**Data for this exercise**.
______________________________
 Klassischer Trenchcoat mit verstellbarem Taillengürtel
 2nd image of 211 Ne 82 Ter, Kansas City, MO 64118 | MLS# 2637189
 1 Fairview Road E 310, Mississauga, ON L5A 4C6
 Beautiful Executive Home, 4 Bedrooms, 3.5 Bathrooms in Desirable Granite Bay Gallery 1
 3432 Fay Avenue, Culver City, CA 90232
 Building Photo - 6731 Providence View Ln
______________________________
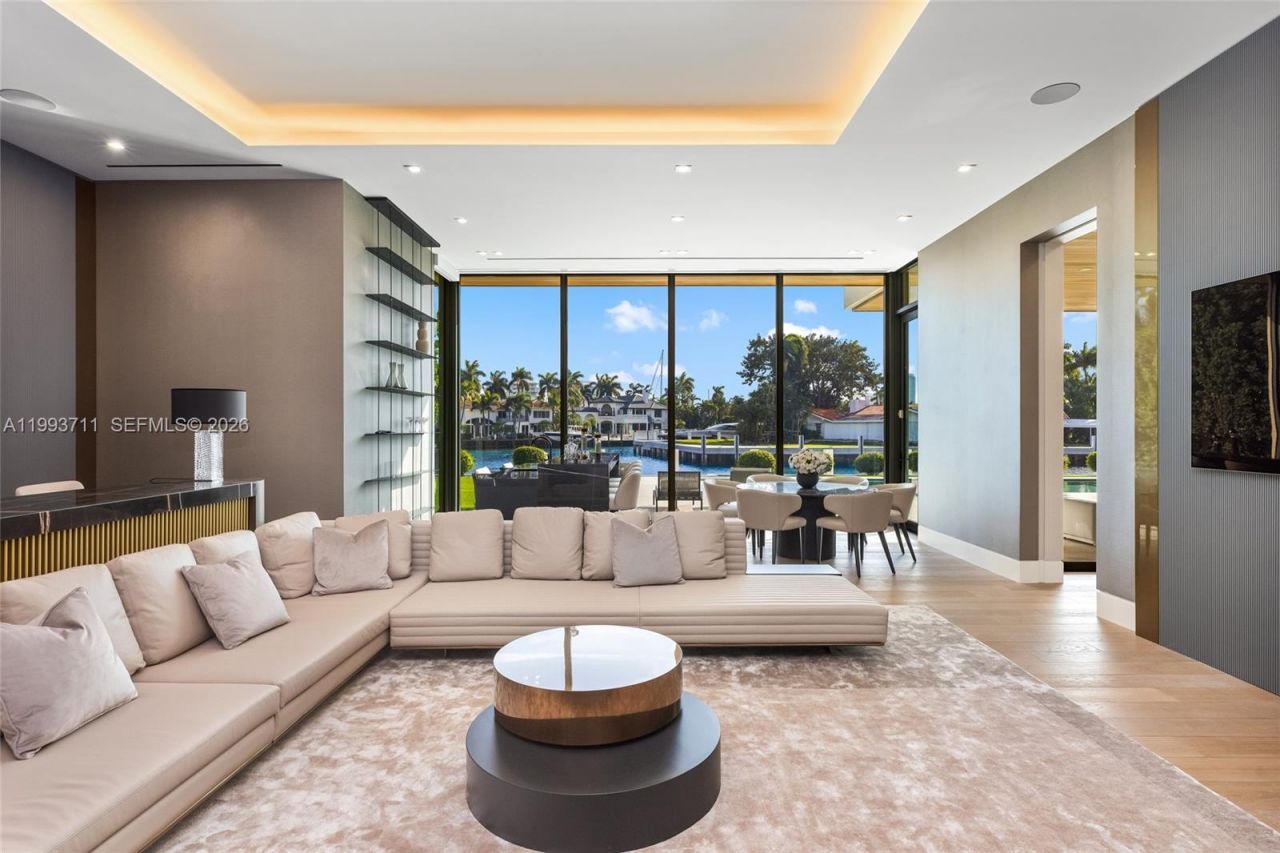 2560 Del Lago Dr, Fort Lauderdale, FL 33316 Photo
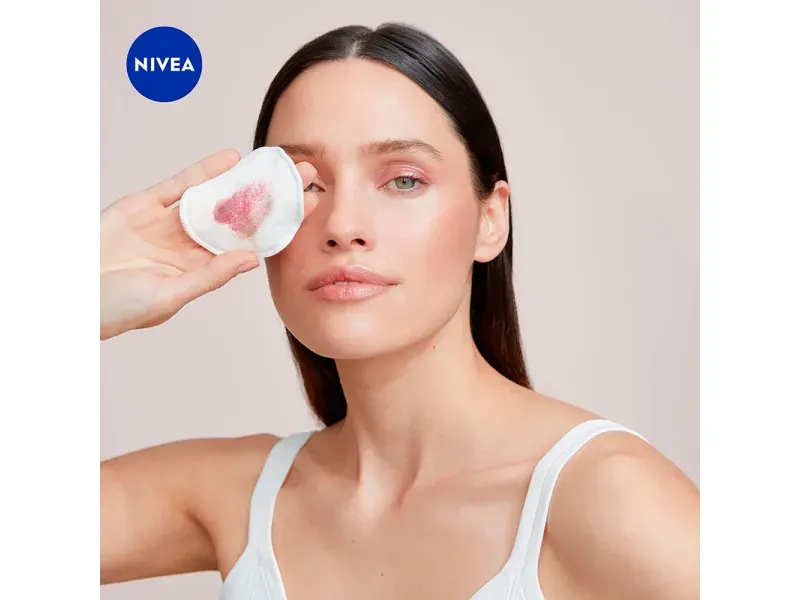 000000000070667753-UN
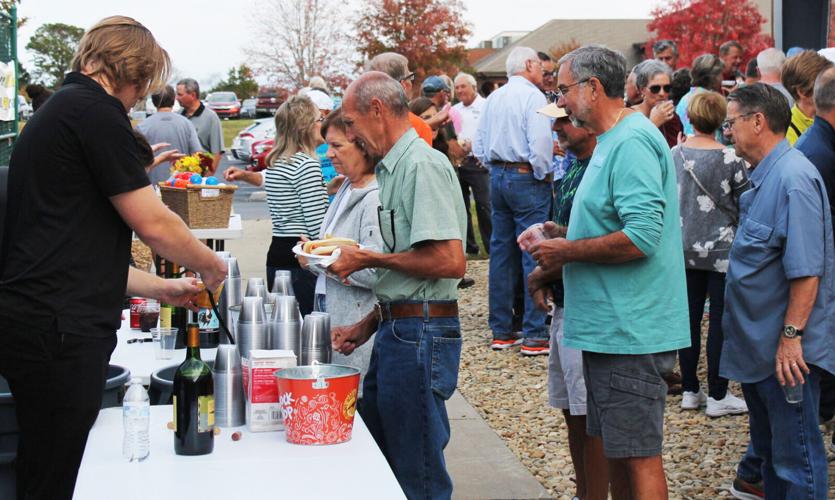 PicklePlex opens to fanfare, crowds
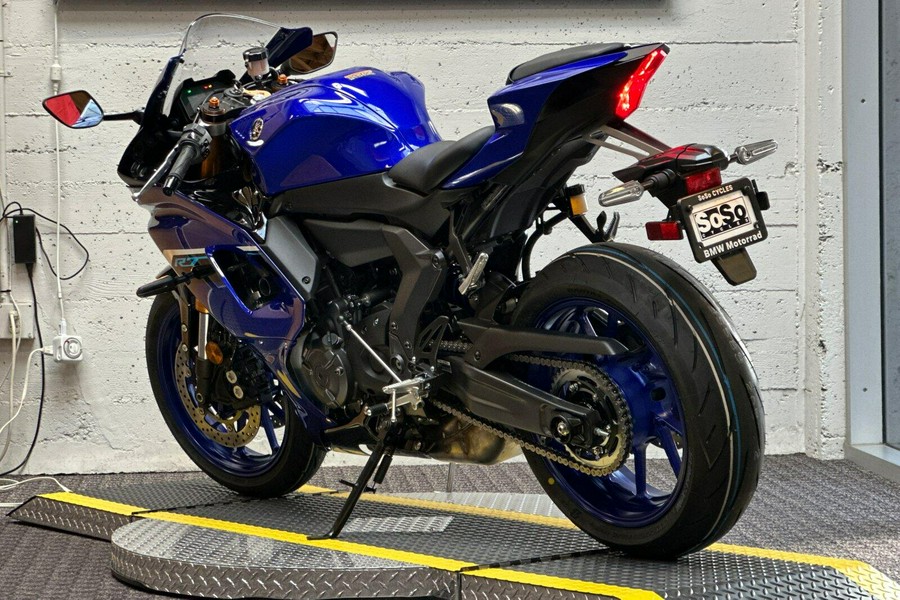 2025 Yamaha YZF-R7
______________________________
**Exercise brief**. Some lines in the material contain "City". Show all of them.

**Response area**.
 2nd image of 211 Ne 82 Ter, Kansas City, MO 64118 | MLS# 2637189
 3432 Fay Avenue, Culver City, CA 90232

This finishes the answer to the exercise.